Variations on the rondeau, each built entirely on two rhymes, include the rondeau redoublé, the rondel, and the roundel. The rondeau redoublé, a rare form, consists of six abab quatrains in which each line of the first quatrain correspondingly appears as the last line of the next four quatrains and the first line also appears as the last line of the poem. The rondel consists of thirteen or fourteen lines in three stanzas with the rhyme scheme abba abab abbaa(b). The first two lines are repeated as a refrain at the end of the second stanza. In a thirteen-line rondel, the first line is also repeated at the end of the third stanza; in a fourteen liner, both of the first two lines are repeated, making a complete refrain. (A simpler form of the rondel is now called the triolet.) Unlike the rondeau, the rondel uses entire rather than partial lines for the refrain. The roundel, a variation developed by Victorian poet Algernon Charles Swinburne, consists of eleven lines in three stanzas with the rhyme scheme abaB bab abaB. Like the rondeau, the roundel has a refrain (B) identical to the first half of the first line, but unlike in the rondeau, the refrain has the same rhyme as the lines marked b.

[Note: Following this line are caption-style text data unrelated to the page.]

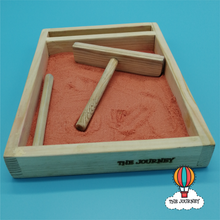Load image into Gallery viewer, Sand tray with geometric lines and shapes with wooden tools, with 'The Journey' branding.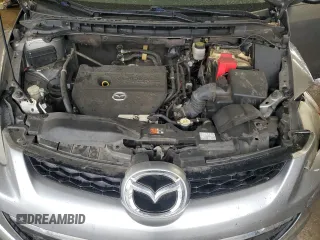 2011 Mazda CX-7 i Sport z VIN JM3ER2B50B0394884, wystawiony jako Copart lot #54360525 z przebiegiem 202 657 mil mil oraz Szkody całkowita. Historia ofert i sprzedaży dostępna na DreamBid. Obrazek 12.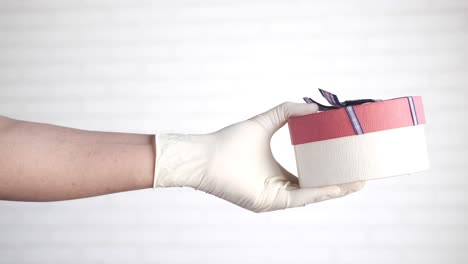 con guantes de mano sosteniendo una caja de regalos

The term roundel is also sometimes used synonymously with both rondeau and rondel.
EXAMPLES: John McCrae’s rondeau “In Flanders Fields” (1915):
In Flanders fields the poppies blow
Between the crosses, row on row,
That mark our place; and in the sky,
The larks, still bravely singing, fly,
Scarce heard amid the guns below.
We are the Dead; short days ago
We lived, felt dawn, saw sunset glow,
Loved and were loved, and now we lie
In Flanders fields.
Take up our quarrel with the foe.
To you from failing hands we throw
The torch; be yours to hold it high.
If ye break faith with us who die
We shall not sleep, though poppies grow
In Flanders fields.
Other examples include Swinburne’s A Century of Roundels (1883), Dorothy Parker’s “Rondeau Redoublé (and Scarcely Worth the Trouble, at That)” (1926), Frank O’Hara’s “Three Rondels” (1954), and Marilyn Hacker’s “Rondeau After a Transatlantic Telephone Call” (1980).